Au numéro 29 de la rue Général Lartigue à Woluwé-Saint-Lambert se dresse une maison mitoyenne. Une façade toute simple. Une plaque en cuivre apposée sur la porte nous signale que nous sommes au "Caillou" C'est là que les jeudis soirs, l'avocat bruxellois Georges Lethé anime des lectures bibliques en hébreu.

Des réunions que les différents témoins que nous avons rencontrés au cours de notre enquête jugent fort "intéressantes", "fascinantes" et "terriblement enrichissantes sur le plan philosophique et spirituel".

Ces "Jeudis du Caillou" réunissent en général une vingtaine de personnes. Outre le noyau dur de la communauté, on y côtoie des avocats, des enseignants, des hommes politiques, des cadres... À côté des lectures bibliques, le Caillou organise également des conférences sur des thèmes divers.

C'est ainsi qu'il a accueilli le représentant de l'OLP à Bruxelles ou encore l'avocat Michel Graindorge pour parler du terrorisme. Des sessions d'études sont également organisées dans une maison de campagne à Gimnée près de Givet.

"Le but du Caillou est limpide:changer le monde au profit de Georges Lethé"

Le Caillou, par l'intermédiaire de Johannes Blum, est encore le correspondant belge de la revue française Golias qui a notamment dénoncé les mouvements sectaires au sein de l'Église (l'Oeuvre l'Opus Dei ... ). Les membres de cette communauté ont encore monté des actions sociales et humanitaires en faveur du Tiers monde. Ils ont notamment accueilli et soutenu un journaliste chilien qui avait fui la dictature d'Augusto Pinochet. Ils ont aussi milité aux côtés des organisations juives contre le carmel d'Auschwitz. Par ailleurs, Georges Lethé est un des fondateurs du SEL, le Syndicat de l'Enseignement Libre.
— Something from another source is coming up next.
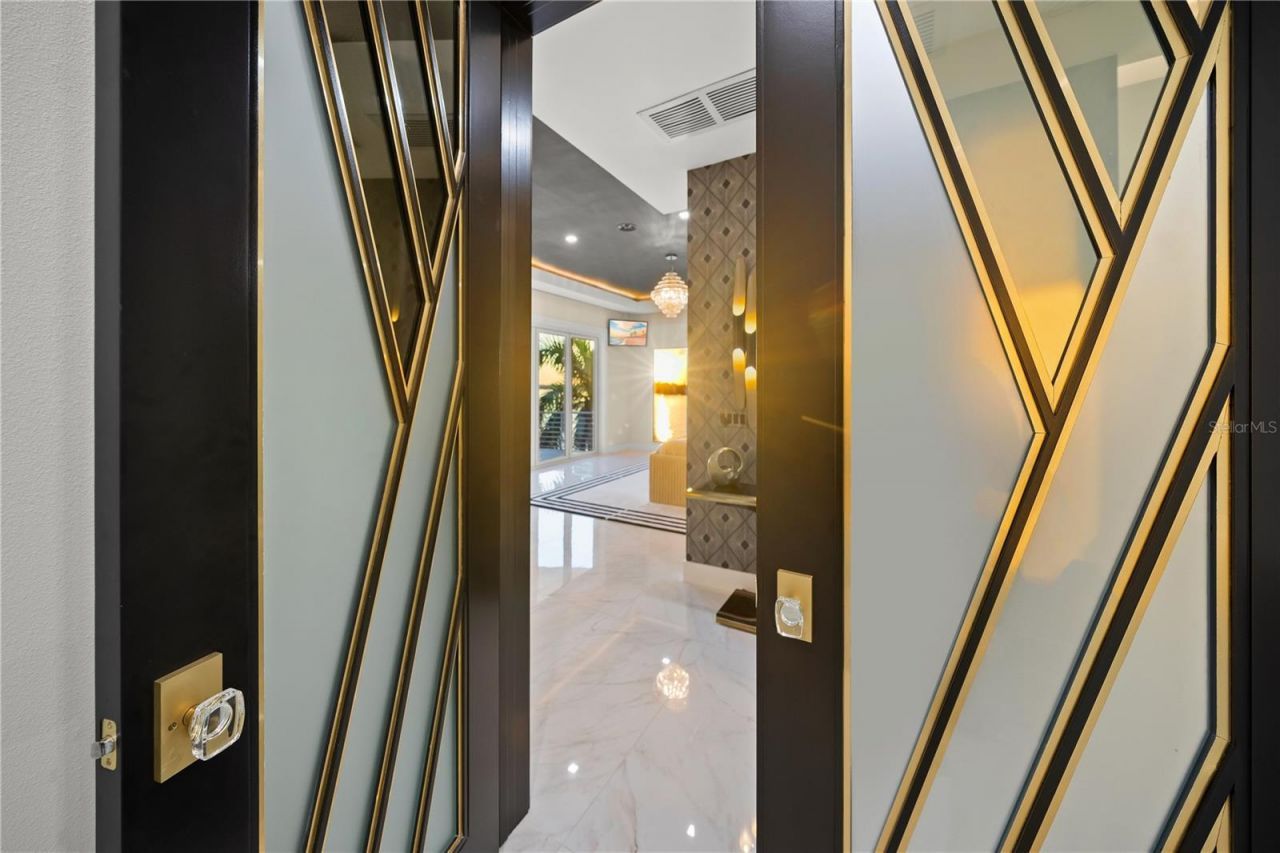 1400 Siesta Drive, Sarasota, FL 34239 Photo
Autant d'actions et de combats que nous ne pouvons que saluer, mais derrière cette façade, le Caillou cache une réalité plus équivoque. En effet, le Journal du Mardi a rencontré différents témoins qui révèlent des comportements de type sectaire. Plusieurs observateurs tant du monde profane que religieux ont été interpellés par les agissements de la communauté du Caillou, également appelée "La Cité" et regroupée autour de Georges Lethé et de son bras droit Anne-Marie Burny.

Ainsi le chanoine François Houtart, professeur retraité de l'Université catholique de Louvain: "J'ai connu des gens qui ont été littéralement embrigadés dans ce groupe, des étudiants étrangers mais des Belges également On exigeait d'eux une soumission totale. Cela allait jusqu'à les menacer de sanctions physiques s'ils ne se pliaient pas aux règles édictées par le chef du mouvement. il existe au sein de la communauté des comportements sectaires qui sont en totale opposition avec les objectifs avoués du Caillou qui militent pour des causes nobles. Ce comportement que je qualifierais de schyzophrénique tient vraisemblablement à la personnalité du dirigeant Georges Lethé. Un homme qui aime se positionner en leader charismatique".

Cette vision du Caillou est partagée par Julia Nyssens, présidente de l'Adif (Association pour la défense de l'individu et de la famille), qui étudie les mouvements sectaires depuis une trentaine d'années.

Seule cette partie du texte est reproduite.